The case for foreign investment
Foreign investment has a similar mix of superficial similarity with trade, and some awkward differences. If a country has more profitable investments opportunities than its population wants to fund through saving, economic logic says it should fund these externally, either through foreign investment or foreign borrowing. Foreigners will benefit from being able to invest in whatever country offers the best opportunities. Both sides benefit.
But if the economic argument is as compelling as it is for free trade, the politics is fraught. Leigh cites the problem areas as security, real estate and taxation. An effective and consistent approval process would overcome most of the specific issues, although much of the resistance is more nebulous: the ill-defined feeling that foreigners will behave in ways that are against our national interests. He notes that untrammeled self-interest and anti-social business activity are not confined to foreigners:
Just because someone is a citizen does not mean we can rely on them to put the public interest before their self-interest. A monopoly owner in an unregulated market is a danger to consumers, no matter the colour of their passport.

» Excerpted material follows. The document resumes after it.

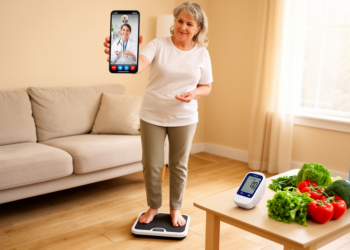 Telemedicine Lifestyle Program Linked to Weight Loss and Better Blood Sugar Control in Metabolic Syndrome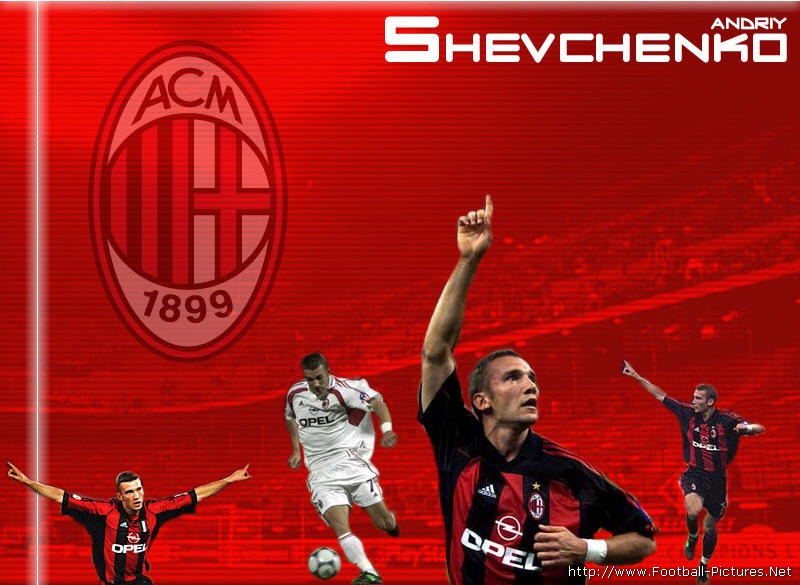 Andriy Shevchenko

This point is well taken. If we are uncomfortable about foreign investment, we need to define more clearly the source of this discomfort. Proper debate on security concerns is hampered by the unquestioned belief that the detailed arguments cannot take place in public, but must be left to the ‘experts’ behind closed doors.
There are indeed some tricky issues here. To start with, foreign capital flows (whether investment, portfolio or borrowing) will by their nature be more volatile than domestic capital. A foreign country might use dominant ownership to pressure domestic policy in its favour. Of course domestic owners do this too, but the foreigners might bring pressure to bear over a wider range of sensitive issues, such as foreign policy. But this rather remote danger seems to apply to trade as much as investment. China could mis-use its role as a dominant customer for our resource exports more readily than it could use ownership of factories, farms or fisheries.
Where does this leave us? While trade, migration and foreign investment are not analytically identical, a strong presumption in favour of more rather than less openness is the proper response to the anti-globalisation trends seen in the UK, US and elsewhere. But the powerful political ground-swell behind these anti-globalisation arguments demonstrates that the case for openness has not yet been made clearly enough, with all the caveats needed to address its complexities. The positive lesson is that globalisation, for all its power to make our lives better, has not worked for everyone.
Broadening the distribution of benefits should be an important element of the openness agenda. Migrant policies need to recognise society’s sensitivities and adjustment costs. Foreign investors should pay fair taxes to fund the costs of creating a well-functioning society with trustworthy laws and administration.
These challenges aren’t addressed by doctrinal appeal to laissez-faire openness. They need more of the nuanced arguments Andrew Leigh makes in Choosing Openness.